## Instructions to follow
Look through the data below and extract, unchanged, the lines from the one that contains "2 Piece Bathroom" to the one that contains "Wrought Iron German", both included.

## Data supplied
○ ○ ○ ○
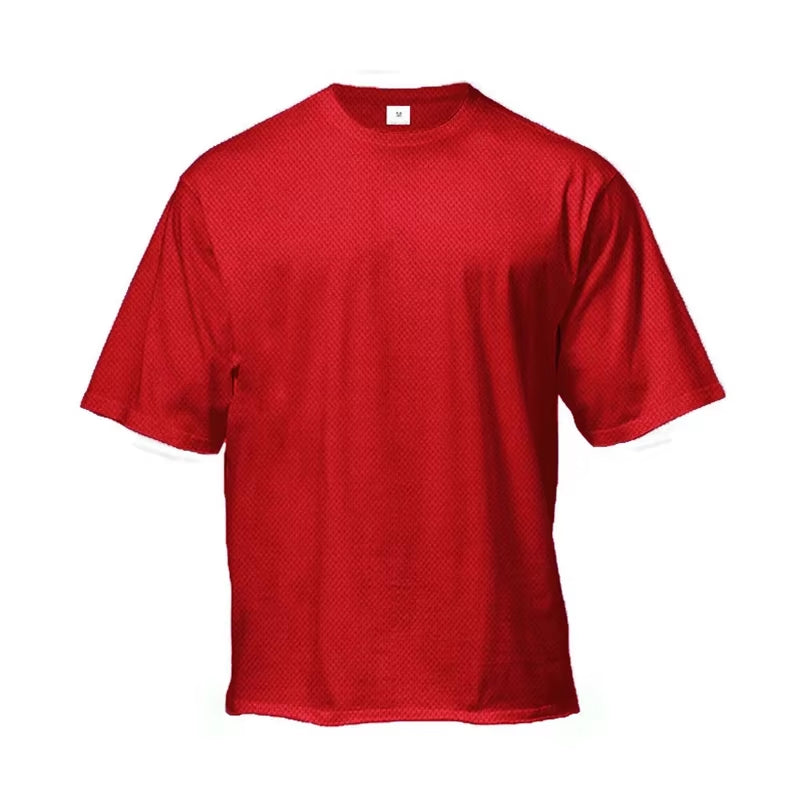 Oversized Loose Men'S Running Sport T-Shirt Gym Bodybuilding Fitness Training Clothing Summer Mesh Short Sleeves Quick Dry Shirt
○ ○ ○ ○
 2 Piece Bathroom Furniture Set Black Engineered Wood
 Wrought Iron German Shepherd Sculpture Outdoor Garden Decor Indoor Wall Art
○ ○ ○ ○
## Answer to the exercise
 2 Piece Bathroom Furniture Set Black Engineered Wood
 Wrought Iron German Shepherd Sculpture Outdoor Garden Decor Indoor Wall Art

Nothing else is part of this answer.